### Exercise description:
Begin at the top of the listing below. Write each line out exactly, ending with the line that holds "Imagem Sobrado c/".

*** Provided information

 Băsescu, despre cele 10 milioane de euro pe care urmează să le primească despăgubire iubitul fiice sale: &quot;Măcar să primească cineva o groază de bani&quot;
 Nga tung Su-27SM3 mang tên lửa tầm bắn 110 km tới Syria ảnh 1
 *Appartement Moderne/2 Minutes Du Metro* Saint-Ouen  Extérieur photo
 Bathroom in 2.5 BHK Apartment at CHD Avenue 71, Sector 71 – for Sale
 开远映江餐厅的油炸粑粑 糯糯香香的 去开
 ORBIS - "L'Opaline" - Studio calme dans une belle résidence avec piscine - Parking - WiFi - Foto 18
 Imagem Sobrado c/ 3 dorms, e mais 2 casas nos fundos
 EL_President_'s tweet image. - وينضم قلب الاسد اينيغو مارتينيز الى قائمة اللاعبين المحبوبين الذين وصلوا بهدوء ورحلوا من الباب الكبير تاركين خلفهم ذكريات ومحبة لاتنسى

******

### Solved problem:
 Băsescu, despre cele 10 milioane de euro pe care urmează să le primească despăgubire iubitul fiice sale: &quot;Măcar să primească cineva o groază de bani&quot;
 Nga tung Su-27SM3 mang tên lửa tầm bắn 110 km tới Syria ảnh 1
 *Appartement Moderne/2 Minutes Du Metro* Saint-Ouen  Extérieur photo
 Bathroom in 2.5 BHK Apartment at CHD Avenue 71, Sector 71 – for Sale
 开远映江餐厅的油炸粑粑 糯糯香香的 去开
 ORBIS - "L'Opaline" - Studio calme dans une belle résidence avec piscine - Parking - WiFi - Foto 18
 Imagem Sobrado c/ 3 dorms, e mais 2 casas nos fundos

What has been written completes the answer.